Stored dataset items:
============

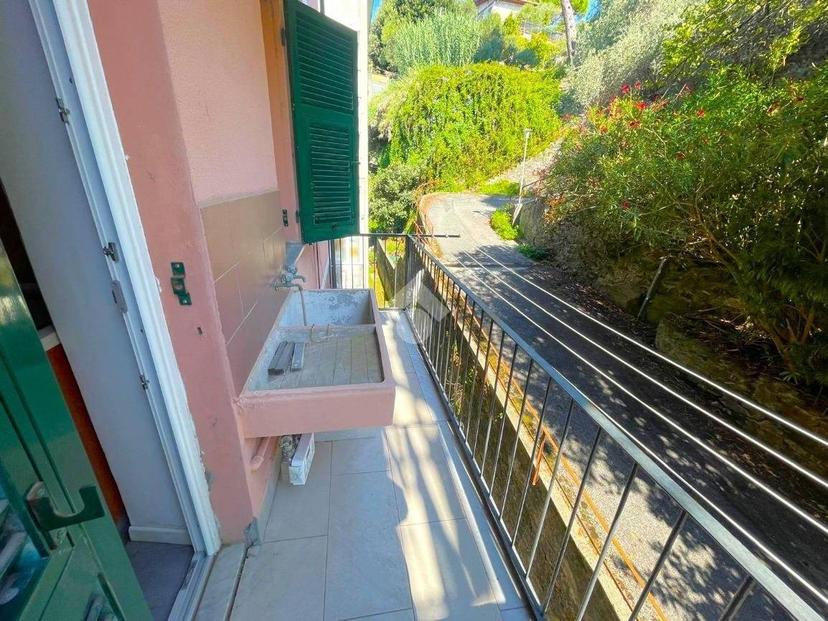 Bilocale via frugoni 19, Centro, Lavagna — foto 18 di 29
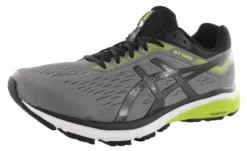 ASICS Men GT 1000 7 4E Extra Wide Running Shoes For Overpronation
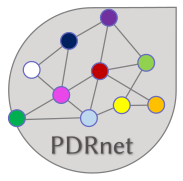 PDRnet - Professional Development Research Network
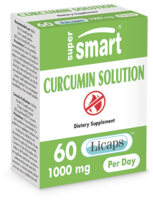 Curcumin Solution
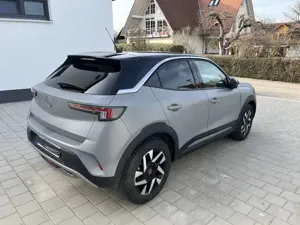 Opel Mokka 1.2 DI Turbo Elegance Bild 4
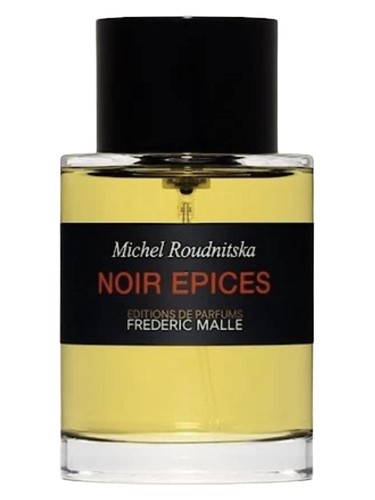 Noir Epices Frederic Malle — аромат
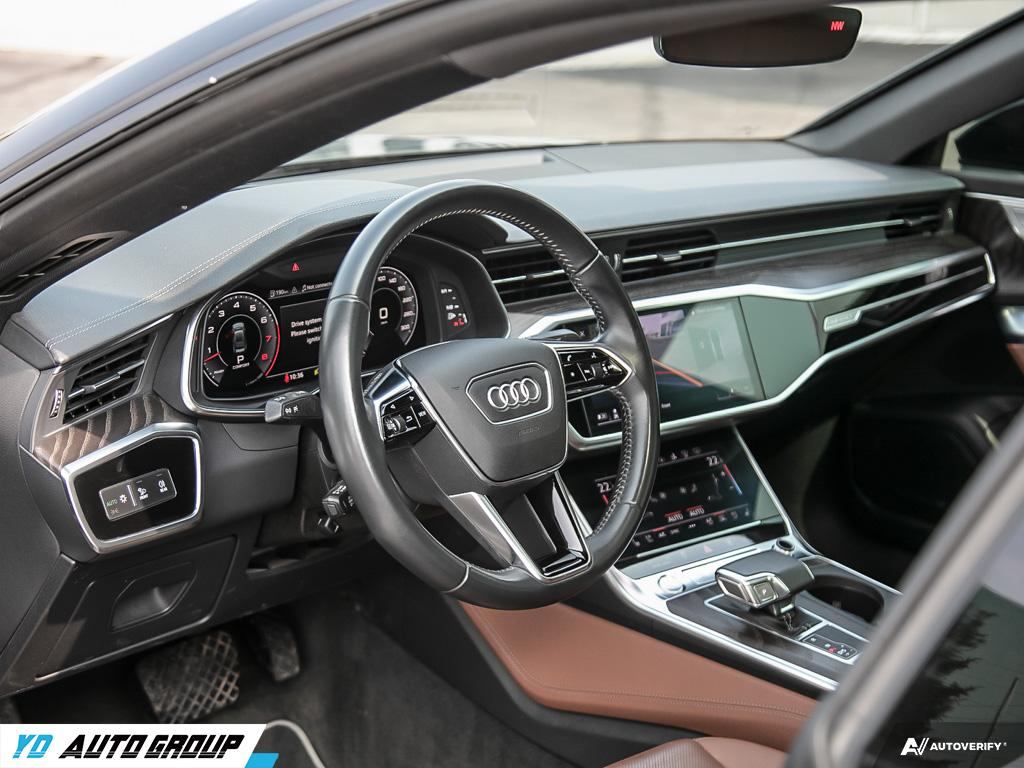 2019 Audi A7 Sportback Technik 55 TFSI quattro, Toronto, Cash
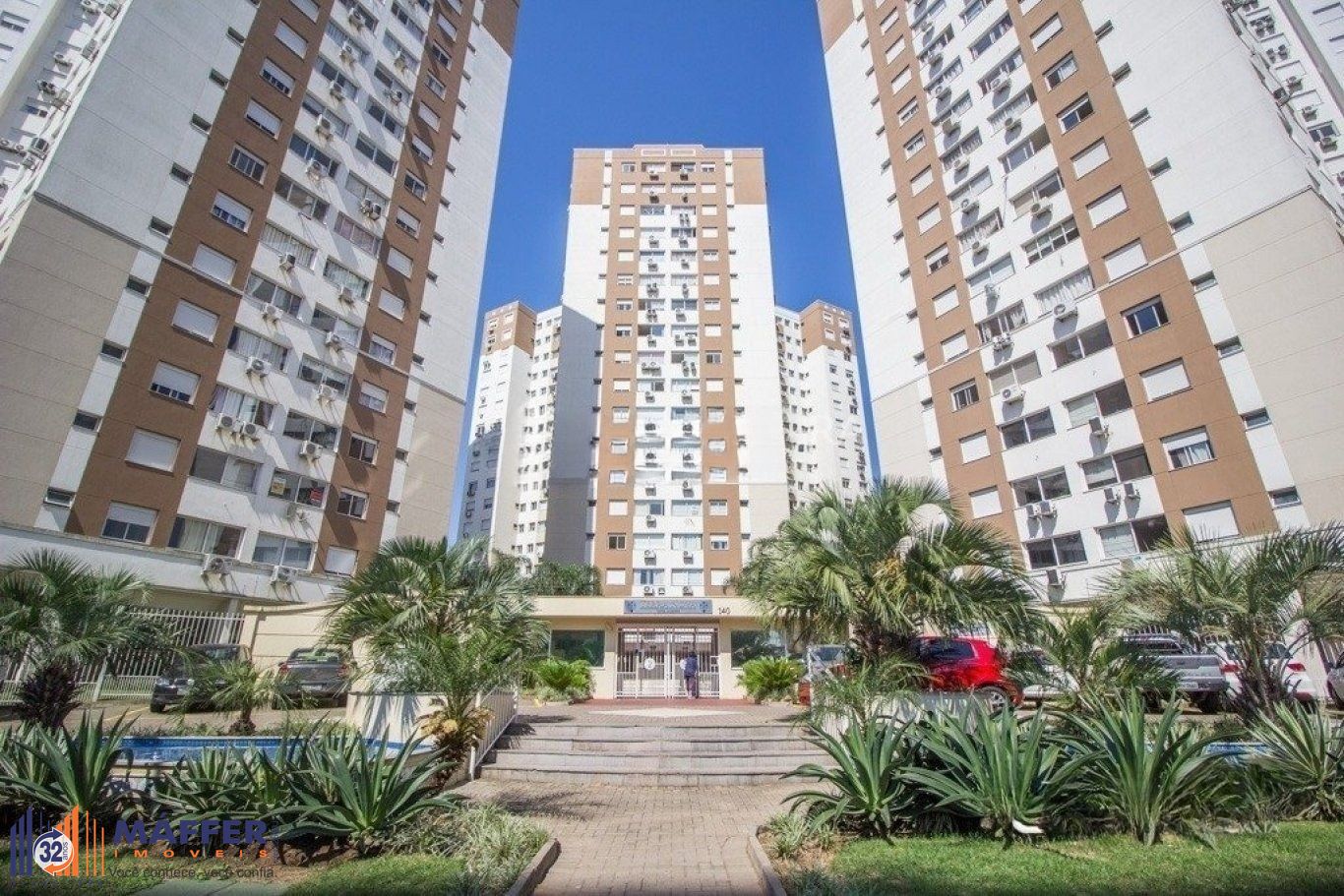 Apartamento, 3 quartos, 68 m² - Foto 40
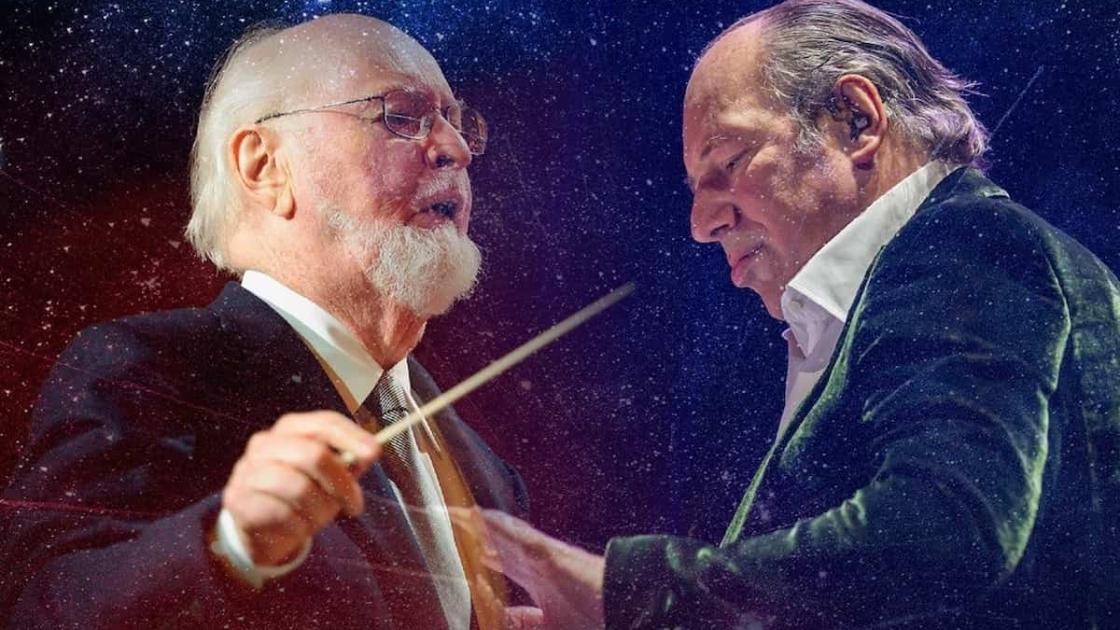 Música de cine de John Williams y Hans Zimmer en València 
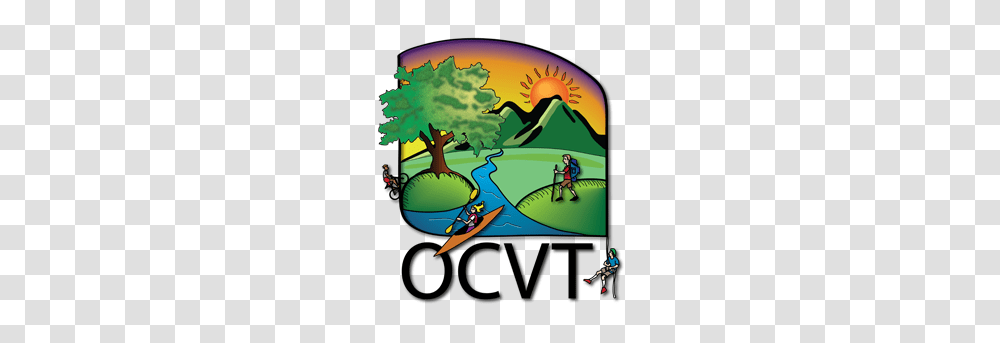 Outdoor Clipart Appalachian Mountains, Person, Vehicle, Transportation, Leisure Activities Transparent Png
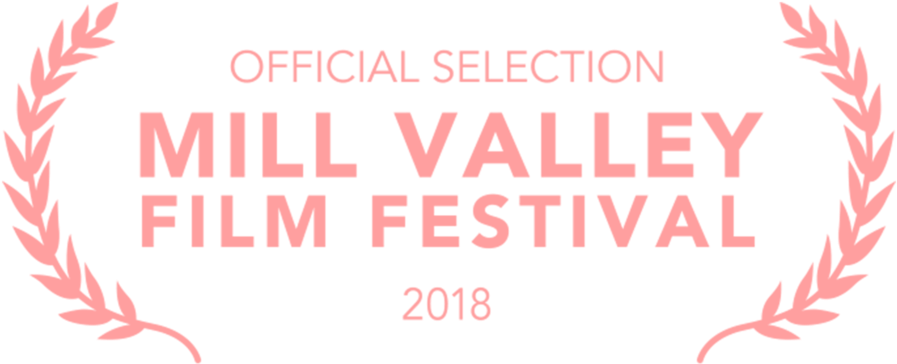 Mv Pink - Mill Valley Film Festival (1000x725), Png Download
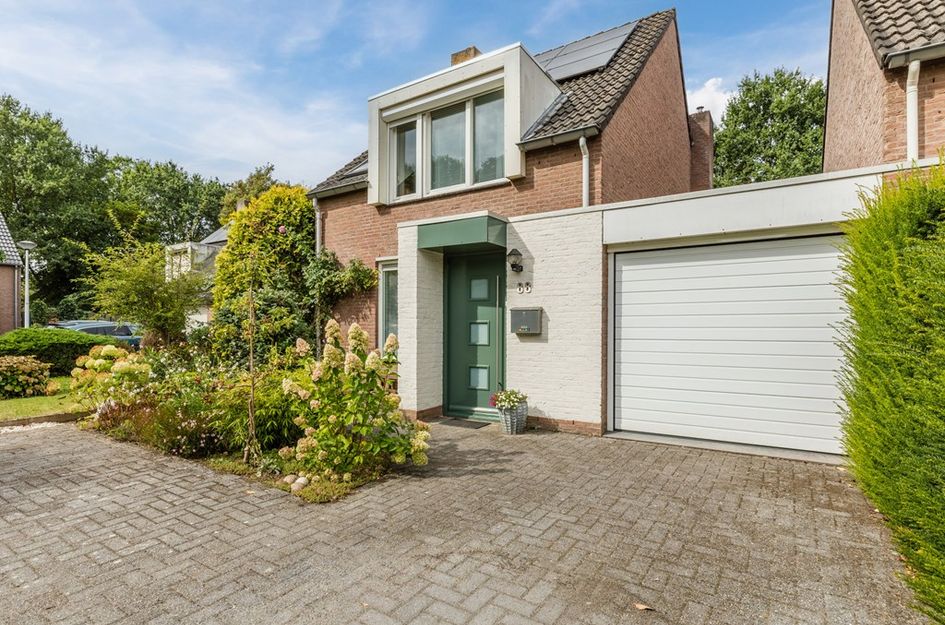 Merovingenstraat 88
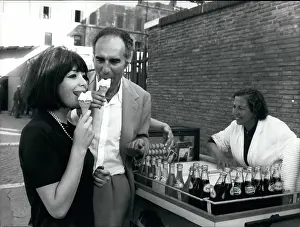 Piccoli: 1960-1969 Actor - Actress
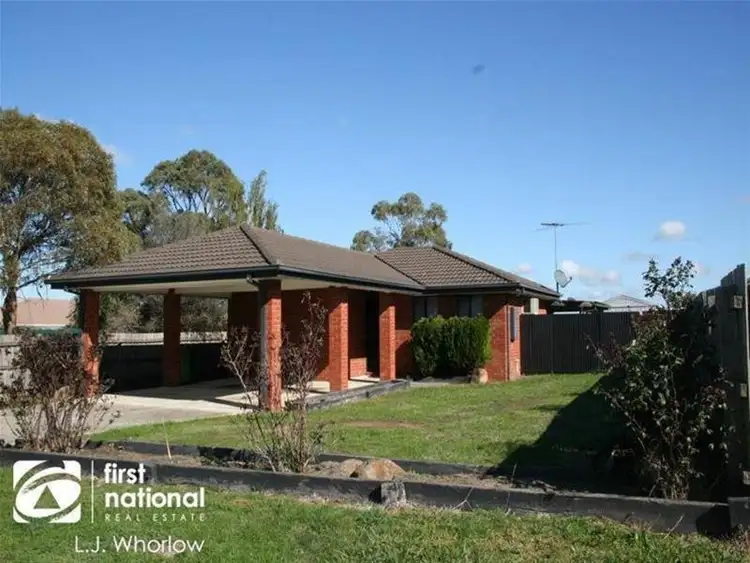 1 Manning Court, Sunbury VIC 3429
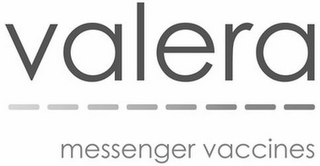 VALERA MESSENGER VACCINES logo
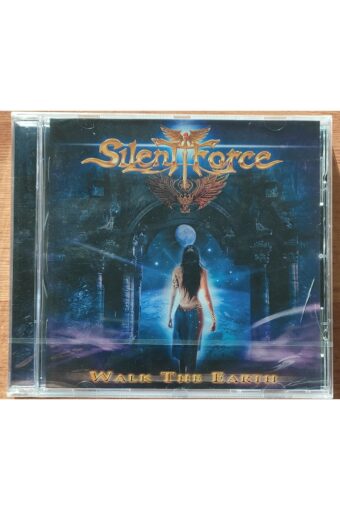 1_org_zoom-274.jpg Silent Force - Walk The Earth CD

============

### Instructions for the task
Copy out only the lines beginning at the line with "VALERA MESSENGER VACCINES logo" and ending at the last line of the entries. Keep them exact; drop pictures.

### Result of the task
 VALERA MESSENGER VACCINES logo
 1_org_zoom-274.jpg Silent Force - Walk The Earth CD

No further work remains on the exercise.